Presentificare l'assenza
La perdita di memoria crea un effetto di assenza che Matsumura riesce a rappresentare attraverso le sue foto. Ma in che modo è possibile far emergere l’idea di un’assenza? Come si può mostrare qualcosa che non c’è? Invece che ricorrere a una strategia “del vuoto” (ad esempio una tela bianca o una foto non sviluppata), l’artista propone una presentificazione dell’assenza. Come fa notare Claudio Paolucci nel suo libro Persona (2020), immaginando il corpo di una persona non si noterebbe mai la mancanza di un terzo braccio, perché si tratterebbe di una pura assenza, non marcata in alcun modo; la presenza di un’assenza, cioè la sua marcatura, invece, è un fenomeno diverso, che si manifesterebbe qualora il braccio mancante fosse il secondo. Nel progetto di Matsumura si può notare proprio la messa in scena di questa dinamica, unita al concetto di memoria esternalizzata: l’idea è quella di rappresentare l’assenza di ciò che si è perso attraverso supporti materiali che ne determinano una presentificazione. L’universo interiore dell’individuo che sta perdendo una facoltà (approccio psicologico) si intreccia così con l’idea di presentare e rappresentare una memoria assente in forma visiva e testuale (approccio semiotico).
Si
veda ad esempio la prima foto del progetto, in cui si mostra un giornale,
in parte ritagliato, di cui resta quindi solo la cornice su uno sfondo bianco:
l’immagine evidenzia la progressiva perdita di alcune facoltà cognitive e
motorie di Shigeo Mori, che era solito ritagliare perfettamente un gioco
dal giornale fotografato ma, negli ultimi stadi della malattia, finiva per
ritagliare la pagina quasi per intero. Probabilmente Shigeo non ricordava più
nemmeno quale elemento dovesse essere selezionato, o perché lo stesse facendo,
e l’allargamento della voragine di vuoto nel foglio di carta diventa rappresentazione
mimetica della stessa assenza nel tessuto dei suoi ricordi.

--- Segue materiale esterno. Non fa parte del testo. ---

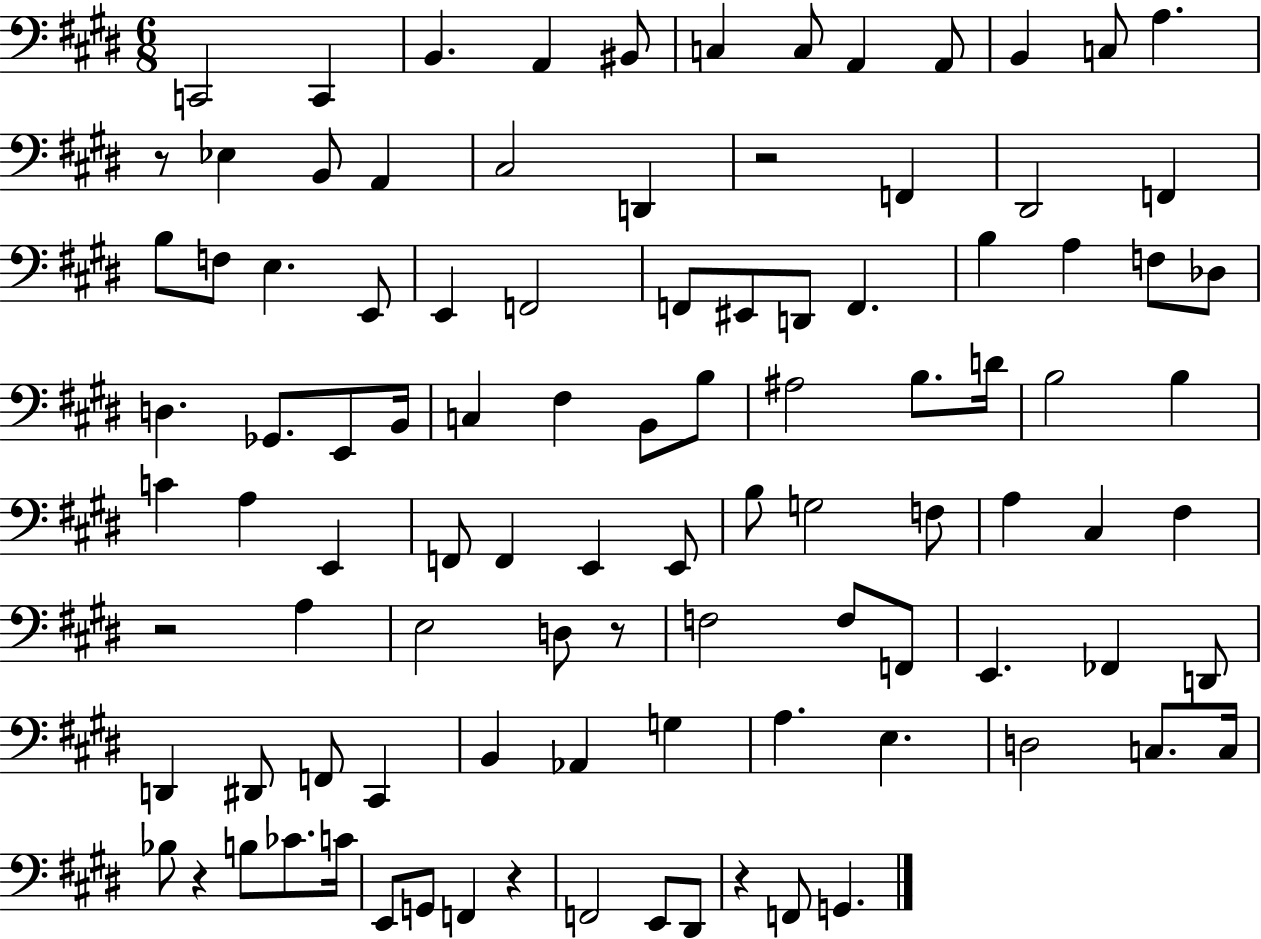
{
  \clef bass
  \numericTimeSignature
  \time 6/8
  \key e \major
  c,2 c,4 | b,4. a,4 bis,8 | c4 c8 a,4 a,8 | b,4 c8 a4. | \break r8 ees4 b,8 a,4 | cis2 d,4 | r2 f,4 | dis,2 f,4 | \break b8 f8 e4. e,8 | e,4 f,2 | f,8 eis,8 d,8 f,4. | b4 a4 f8 des8 | \break d4. ges,8. e,8 b,16 | c4 fis4 b,8 b8 | ais2 b8. d'16 | b2 b4 | \break c'4 a4 e,4 | f,8 f,4 e,4 e,8 | b8 g2 f8 | a4 cis4 fis4 | \break r2 a4 | e2 d8 r8 | f2 f8 f,8 | e,4. fes,4 d,8 | \break d,4 dis,8 f,8 cis,4 | b,4 aes,4 g4 | a4. e4. | d2 c8. c16 | \break bes8 r4 b8 ces'8. c'16 | e,8 g,8 f,4 r4 | f,2 e,8 dis,8 | r4 f,8 g,4. | \break \bar "|."
}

Oltre l'haikai: immagine, memoria, identità
Infine, ricordiamo che il concetto di memoria è intrinsecamente legato a quello di identità: la memoria non è semplice registrazione del passato, ma si manifesta come interpretazione e ricostruzione di esso. L’identità è quindi definibile come costruzione e interpretazione della propria storia, attraverso un rimaneggiamento memoriale di fatti ed eventi già accaduti. La perdita di memoria, pertanto, comporta grandi cambiamenti identitari, e per chi soffre di Alzheimer “la vita così com’è conosciuta cambia poco a poco”, dice Matsumura. La presenza dell’assenza che va inevitabilmente a decostruire e mettere in crisi anche l’identità di chi sta perdendo la memoria merita di essere rappresentata e narrata nella sua complessità, per dare a chi soffre di questa e altre malattie neurodegenerative una dimensione, se non interna e psichica, almeno esternalizzata in testi, in cui ri-definirsi e dare senso alla propria esperienza. Il progetto fotografico di Matsumura, nelle prospettive psicologica e semiotica rintracciate, sembra rendere perfettamente conto di questa dimensione, in cui le persone che soffrono di Alzheimer non sono semplicemente etichettate sotto l’idea giapponese di “haikai”, cioè “vagare senza meta”, ma occupano uno spazio di rappresentazione e ripresentazione in cui immagine, assenza, memoria e identità prendono vita e sanno raccontare una storia emozionante dalle innumerevoli sfaccettature.